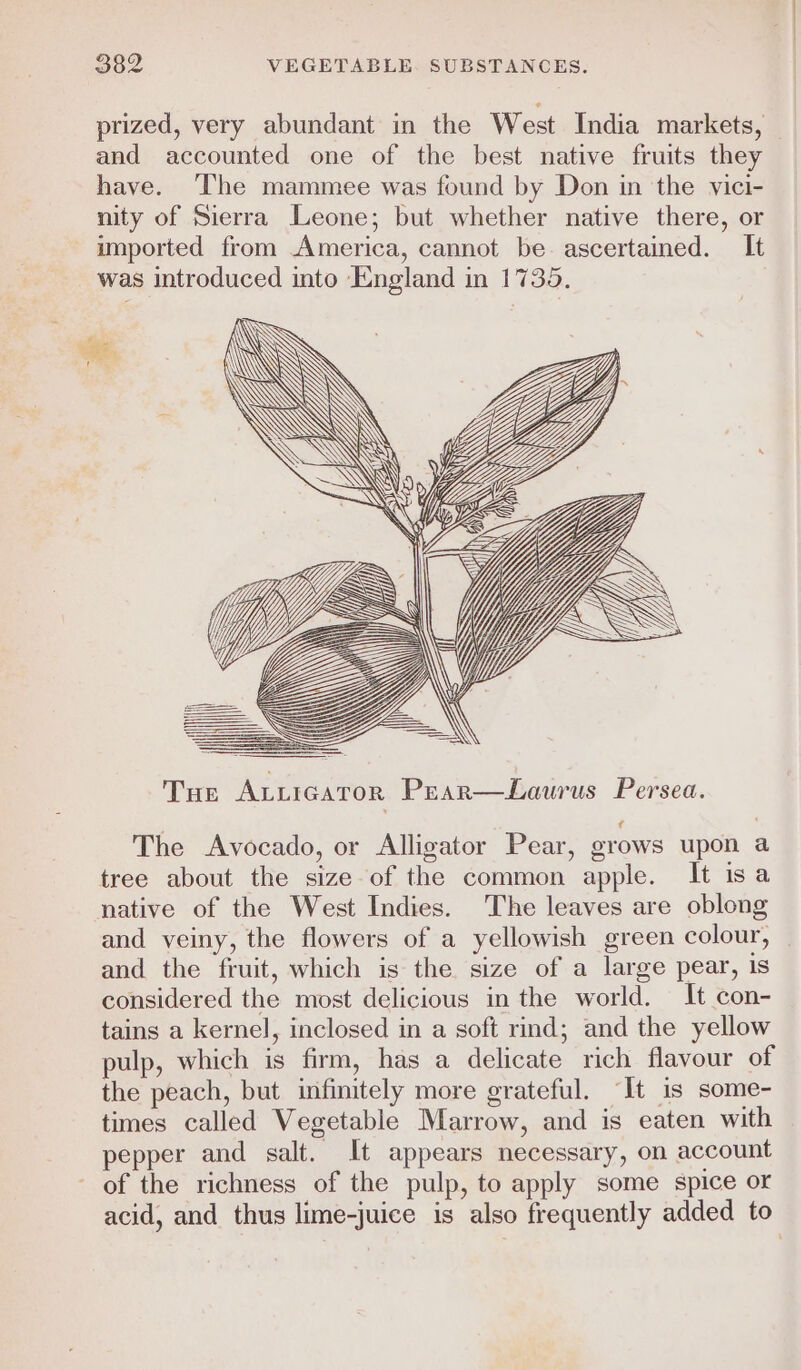 prized, very abundant in the West India markets, and accounted one of the best native fruits they have. ‘The mammee was found by Don in the vici- nity of Sierra Leone; but whether native there, or - imported from America, cannot be. ascertained. It was introduced into England in 1735. Uy ~ SS - My. S SS Wy 77 *® “if YY ———S—— Tur Atuicator Prar—Laurus Persea. The Avocado, or Alligator Pear, grows upon a tree about the size of the common apple. It isa native of the West Indies. The leaves are oblong and veiny, the flowers of a yellowish green colour, _ and the fruit, which is the size of a large pear, Is considered the most delicious in the world. It con- tains a kernel, inclosed in a soft rind; and the yellow pulp, which is firm, has a delicate rich flavour of the peach, but infinitely more grateful. “It is some- times called Vegetable Marrow, and is eaten with pepper and salt. It appears necessary, on account - of the richness of the pulp, to apply some spice or acid, and thus lime-juice is also frequently added to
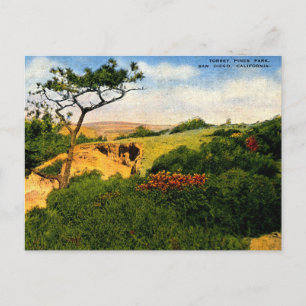 Cartão Postal San Diego CA, Parque Torrey Pines, Vintage dos ano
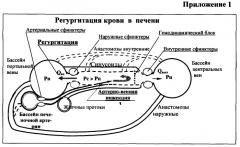 Способ и устройство для оценки гемодинамики печени (патент 2372022)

☆ ☆ ☆

__Required action__.
Could you write out exactly the lines from the line containing "Cartão Postal San" to the end of the material, and nothing else? No pictures belong in the copy.

__Your solution__.
 Cartão Postal San Diego CA, Parque Torrey Pines, Vintage dos ano
 Способ и устройство для оценки гемодинамики печени (патент 2372022)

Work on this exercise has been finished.